About this task >> In the data that follows, find each line containing "Still" and copy it.

Provided entries >>
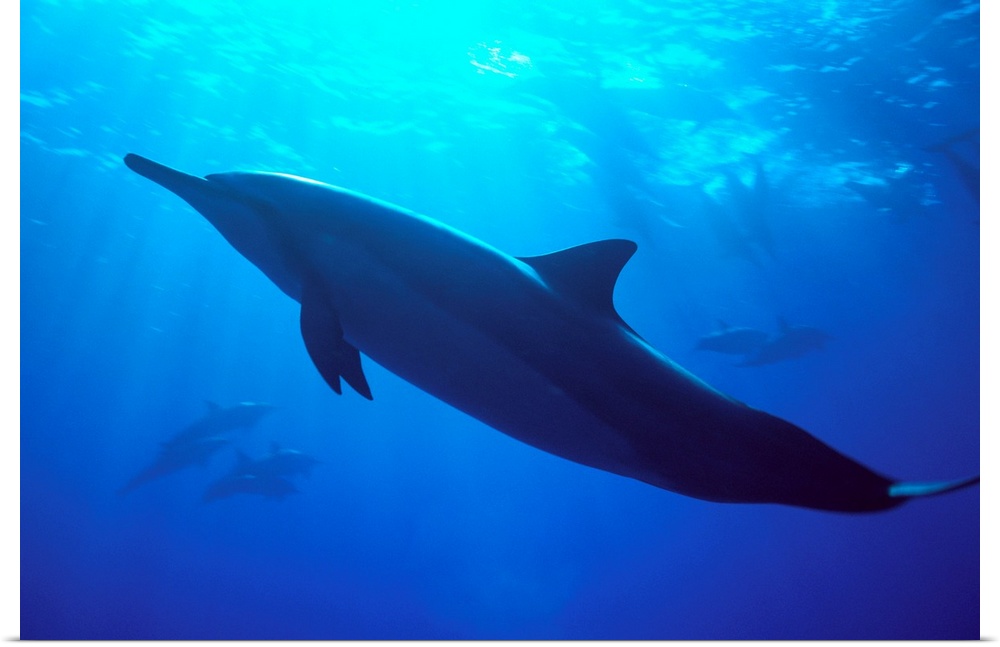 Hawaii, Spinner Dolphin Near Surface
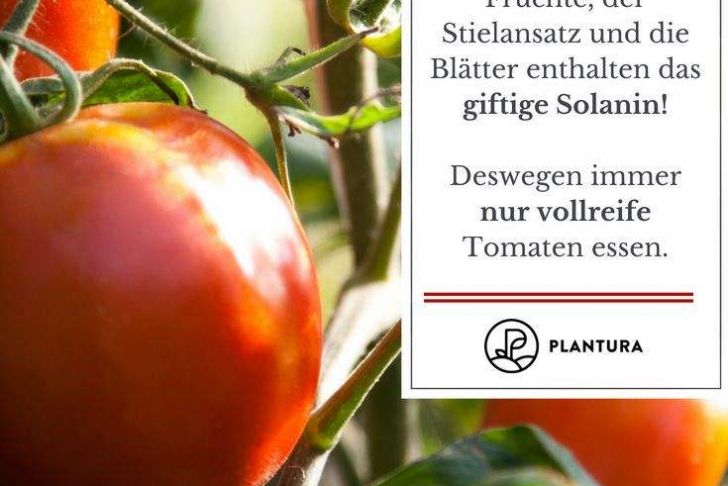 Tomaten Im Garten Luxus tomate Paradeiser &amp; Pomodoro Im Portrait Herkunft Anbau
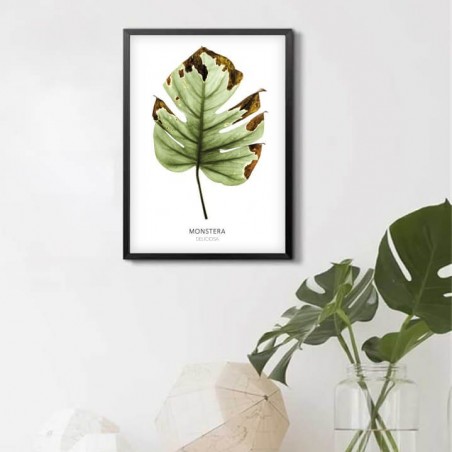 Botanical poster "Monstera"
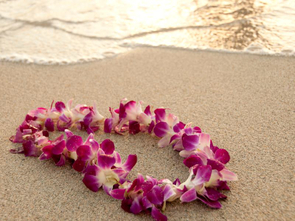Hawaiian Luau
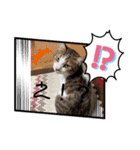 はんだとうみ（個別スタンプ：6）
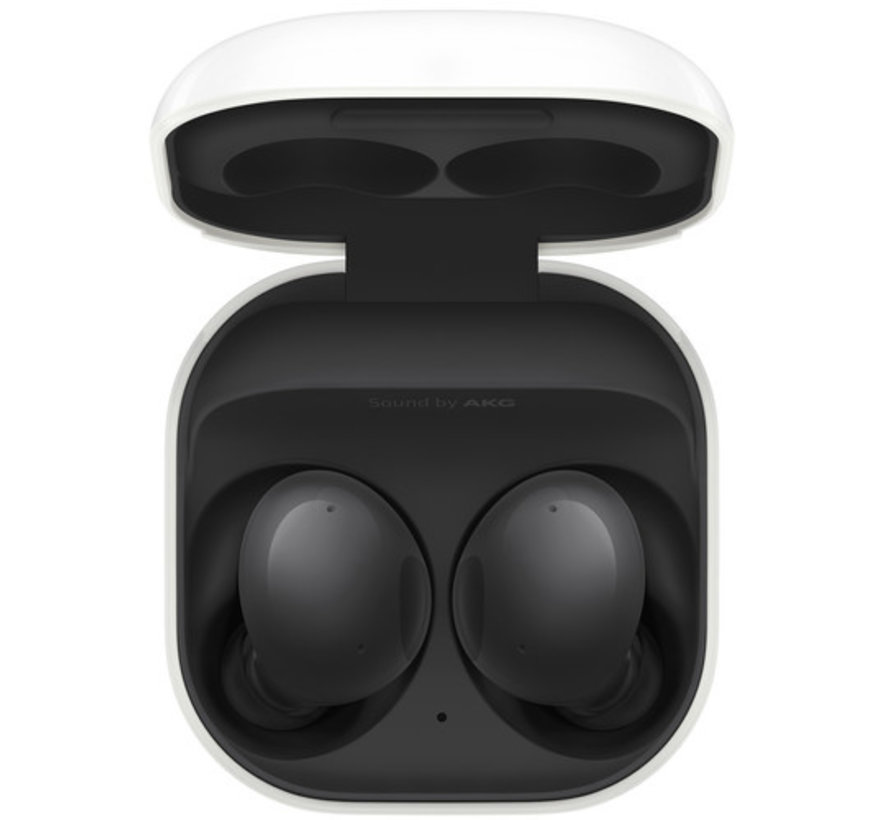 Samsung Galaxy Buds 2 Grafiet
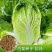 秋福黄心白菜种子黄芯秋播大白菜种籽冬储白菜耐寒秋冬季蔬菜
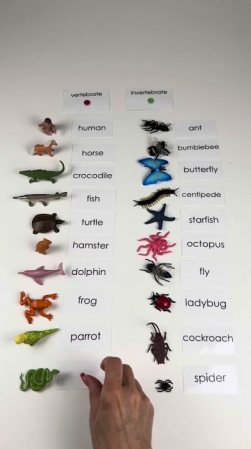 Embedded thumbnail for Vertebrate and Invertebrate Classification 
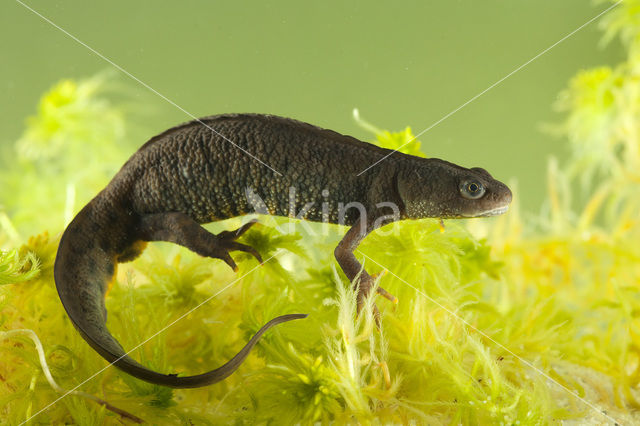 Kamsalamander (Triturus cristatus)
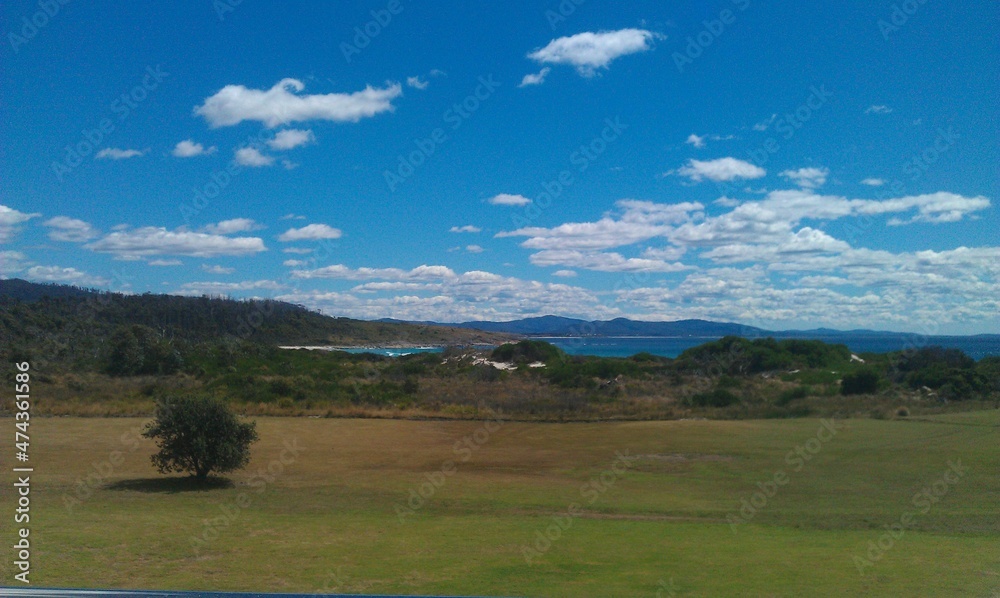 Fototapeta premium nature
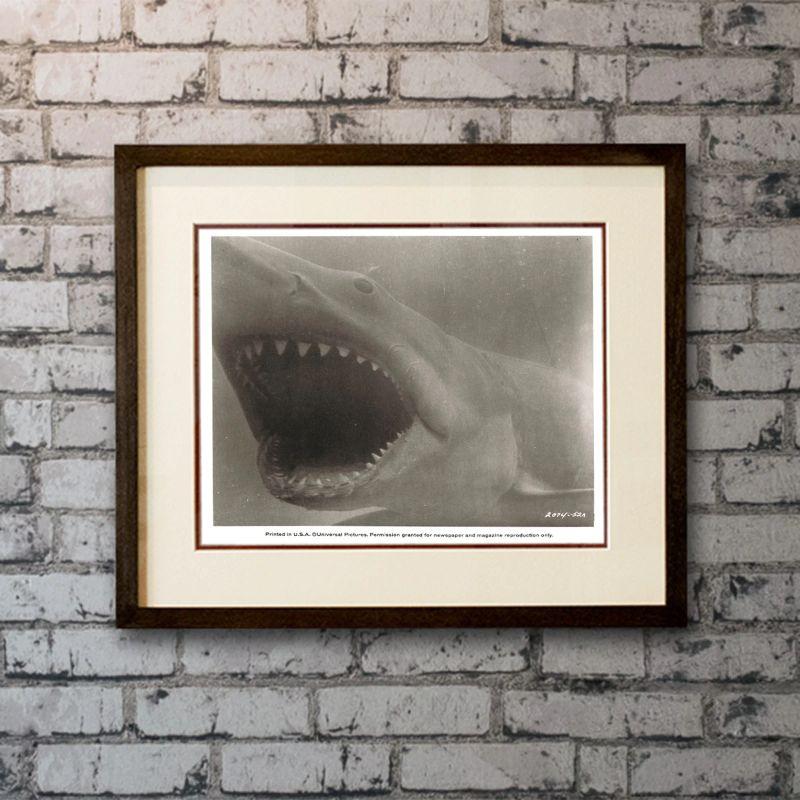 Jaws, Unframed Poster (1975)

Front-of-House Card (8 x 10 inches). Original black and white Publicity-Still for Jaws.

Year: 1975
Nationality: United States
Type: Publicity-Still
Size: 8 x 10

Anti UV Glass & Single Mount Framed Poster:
* * *
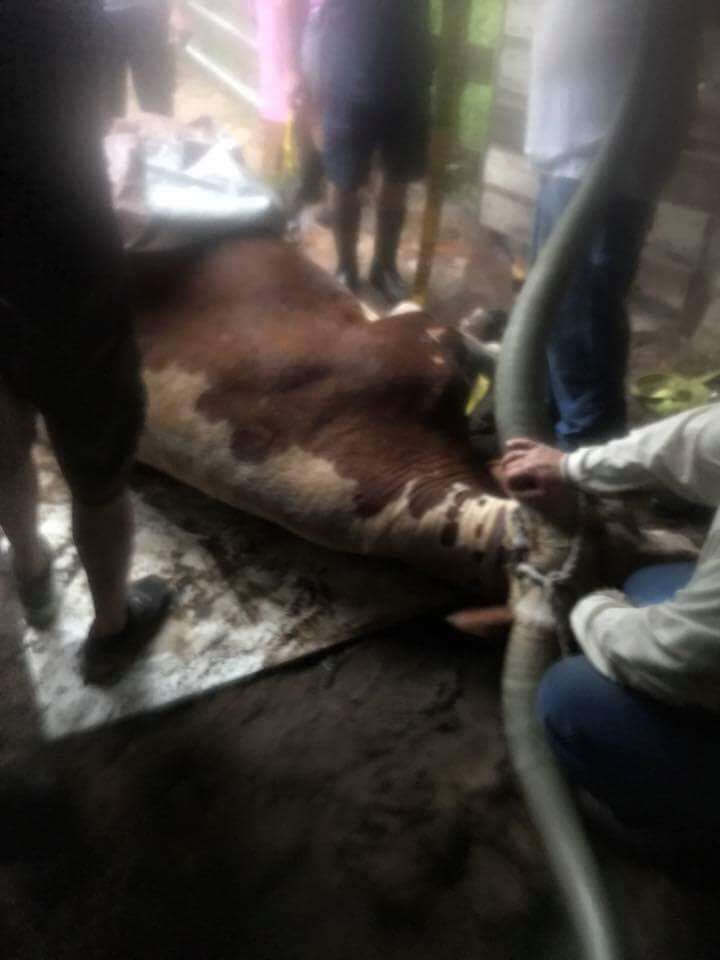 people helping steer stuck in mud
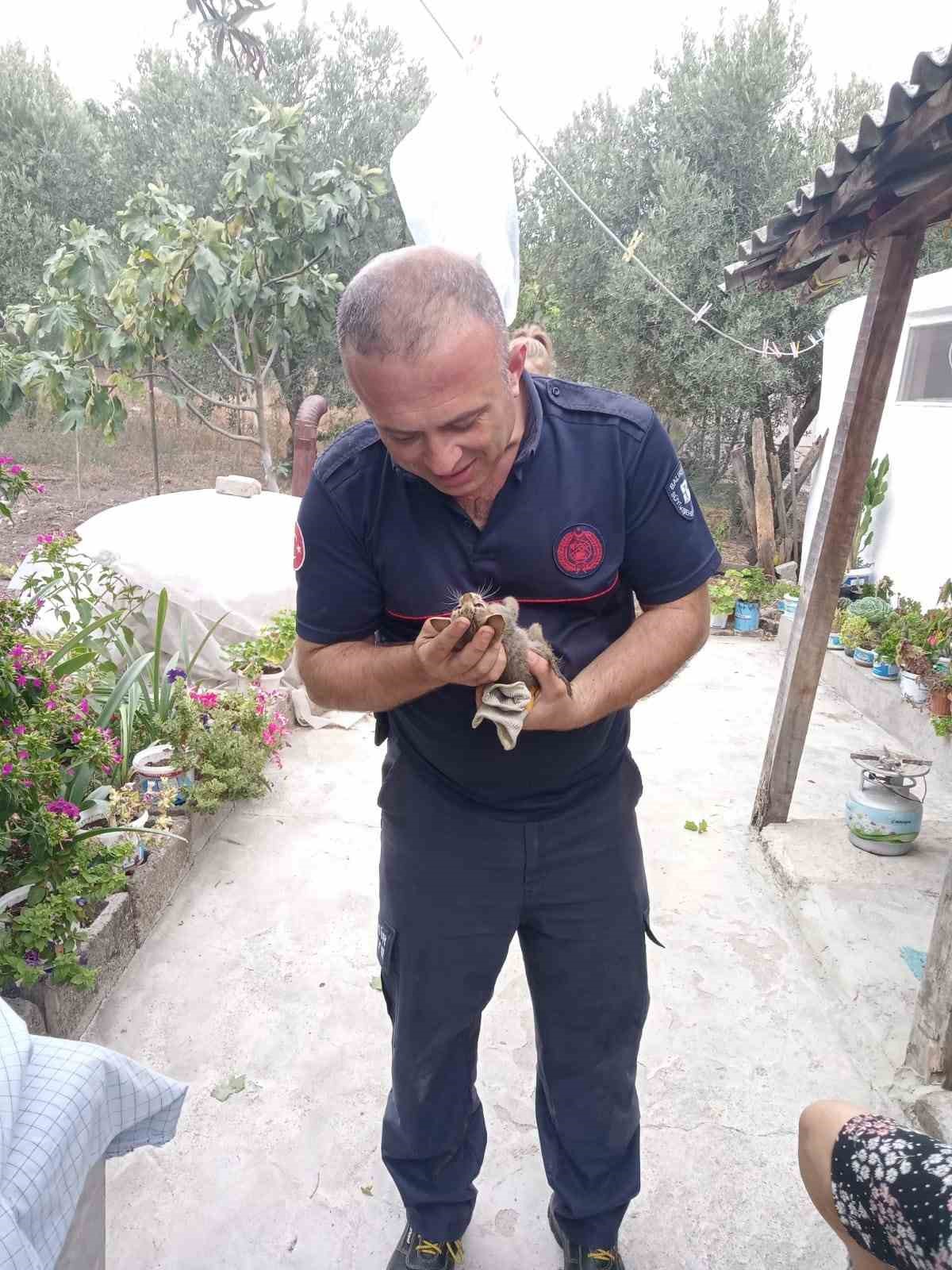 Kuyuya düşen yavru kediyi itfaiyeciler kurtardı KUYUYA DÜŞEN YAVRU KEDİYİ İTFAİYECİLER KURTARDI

Response to this task >>
Front-of-House Card (8 x 10 inches). Original black and white Publicity-Still for Jaws.
Type: Publicity-Still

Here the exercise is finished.